My paternal grandparents died when I was young, but they left behind their stories as survivors of the Holocaust. Their children, my aunt and uncle, and most of my father's family were murdered in the concentration camps. My grandparents always carried the memories of their experience and their children with them. As a grandchild of survivors, I became interested in helping to preserve the past by retelling their stories, and by participating in the Holocaust/Genocide Project in my high school. The memory of the events of the Holocaust will help to provide a force to enable students to understand the importance of promoting harmony and understanding among people. The project first began as a committee to plan an art gallery exhibit in our school about the Holocaust. The committee arranged to borrow works of art relating to the Holocaust from museums and community residents. We selected works that we felt best represented the experiences of a broad spectrum of nationalities and cultures. The gallery exhibit was very successful, because it helped people in our community envision the plight of six million Jews and five million others murdered during World War II. The project has since evolved into a telecommunications network, in which our members communicate with students from other countries. This international program allows students to correspond about Holocaust issues, as well as to inform each other about the other acts of genocide being committed around the world today.

Treblinka Monument
Monument at Treblinka

Last year we began publishing a magazine, An End to Intolerance, which annually features articles, creative writing, and artwork by students from each school in the network.

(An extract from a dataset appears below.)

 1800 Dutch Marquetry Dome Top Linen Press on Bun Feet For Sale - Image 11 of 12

I believe that our project provides another link in the chain of education that is essential to prevent atrocities such as the Holocaust from occurring again.

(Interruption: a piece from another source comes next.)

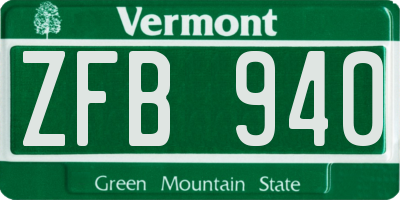 VT license plate ZFB940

One school that we correspond with is the ORT Motzkin School in Kiryat Motzkin, Israel. This past January [1995], some students from Kiryat Motzkin visited New York and stayed in the homes of Cold Spring Harbor students. Efrat Rotem, a high school senior, stayed with me, and visited our school. At the end of the week in New York, the hosts accompanied the Israelis to Washington DC for the weekend to see the Holocaust Memorial Museum. Through photographs, videotapes, and other memorabilia, I was able to gain a heightened sense of what my relatives and others experienced.

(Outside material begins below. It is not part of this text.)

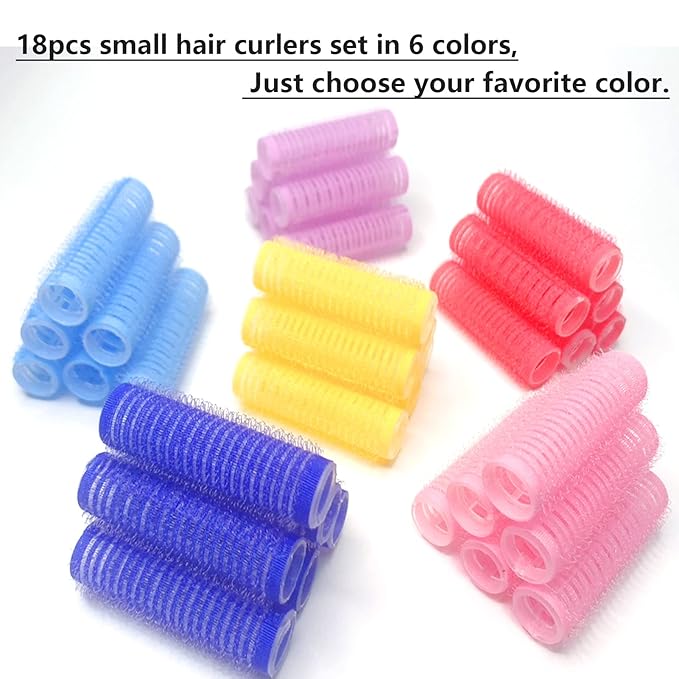 18PCS Self Grip Small Hair Curlers Heatless Roller Hair Curlers Pro Salon Hairdressing Curler DIY Curly Hairstyle Hair Rollers Tools Rat Tail Comb for Women Medium Short Hair(Pink)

As I walked through the exhibit dedicated to the children who perished, I was especially affected as I remembered the young age of my aunt and uncle who died. I also thought of the period during which my own father was homeless before his family finally came to the United States. Seeing the reconstruction of the happy homes of the victims, pictures of their community sports teams, family picnics, and other documentation of the normality in their lives, I learned that something like the Holocaust could happen to anyone, even me.